I really choke at that moment.. as a guy… i have to hold back my tears…
Me: It is all over in the past… anyway u still have me as a friend…now take a rest k…
She: Can i have a request?….
Me: Sure… as long as it is within my means.. i will do anything for u..
She: Serious?…
Me: A promise is a promise… i will nt break it..
She: Hmm… will u still visit me when i am gone…
Me: Dun say that( this time.. my tears just flow out…) u will be fine…
She: I know my own cdt better than anyone else…
Me: i promise u if that day come… i will visit u yearly with yr favourite roses and tulips…
Quickily i hold her hands when i told her that… it have been 2 years since i hold her hands ever since the break up.. it is so cold now.. nt even some warmth in it compared to the past… i hold it tightly.. doing my best giving her some warmth in it…
Her parents came back from dinner… Upoun seeing me… they leave quietly.. guess they want us to spent more time together… At this pt of time.. i am doing my best nt to be too emotional really though i am on the verge of breaking down..
She looked at me tenderly…
She: Dear.. do take a rest… u r very tired le… look at u… nt enough sleep already…
Me: No worries… i am nt tired… u sleep first.. i will be by yr side…
Soon she dozed off.
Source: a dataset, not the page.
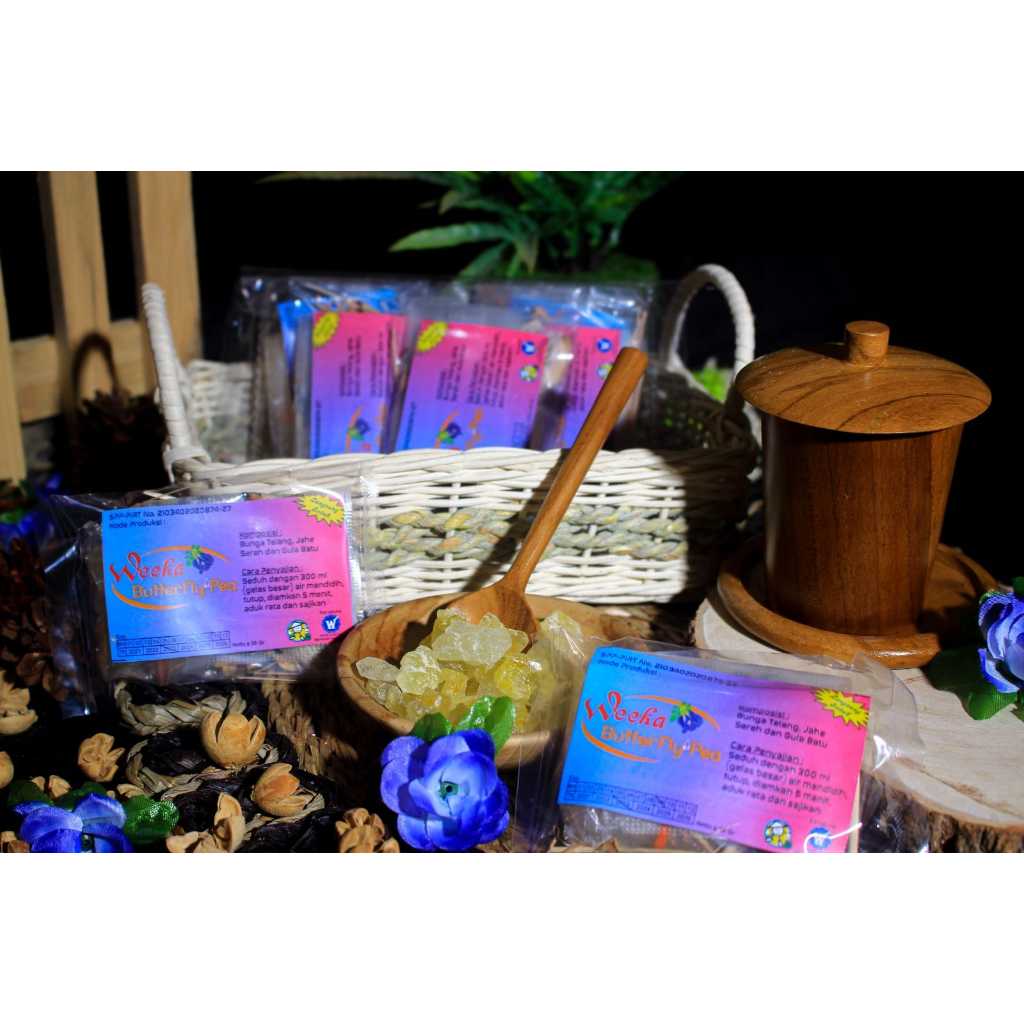 

Minuman Tradisional Teh Telang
When i saw her sleeping peacefully.. i have an sudden impulse to kiss her on the forehead… but i dun dare… after all she is nt my gf anymore… At times it is really an agony to hold back our emotions… Frankly speaking…i am very tired but i dun dare to doze off… cos i am afraid that i will nt be able to respond quickily if she need help…(she is too weak to move around)
The nurse came in to take her blood pressure and she stirred..
She: Dear… do take yr dinner…u have nt eaten much today.. and go hm if u r too tired…
Me: it is k.. me nt hungry.. on diet mah..
She: i am sorry that i am such a burden to u..
Me: Pls dun feel that way… u r my friend… and i will take care of u…
To be continued…
Bros.. sorry me still under moderation.. so have to wait for a day before my story can be posted…
Part 3
She: only as a friend?..
Me: u shd know my feelings for u… but i know i am nt the ultimate choice for u…
She: sorry…for being selfish…
Me: nt yr fault… there is no rite or wrong where feelings are concerned..
She: Thanks… i never regretted having u as my bf…
Me: hang on.. let me flip the pillow case for u..
Gently i do that and withdraw my hands from her… I am an conversative person ba.. always believe that i can hold the hands of my gf… nt to mention my mum and sis…
She: can u hold my hands?..
Me: Nt very nice… as i am nt yr bf anymore..
She: Just hold it..
And i agreed… hold her hands tightly throughout the nite.. i hold them tightly… and finally overwhelmed with tiredness. i fall asleep…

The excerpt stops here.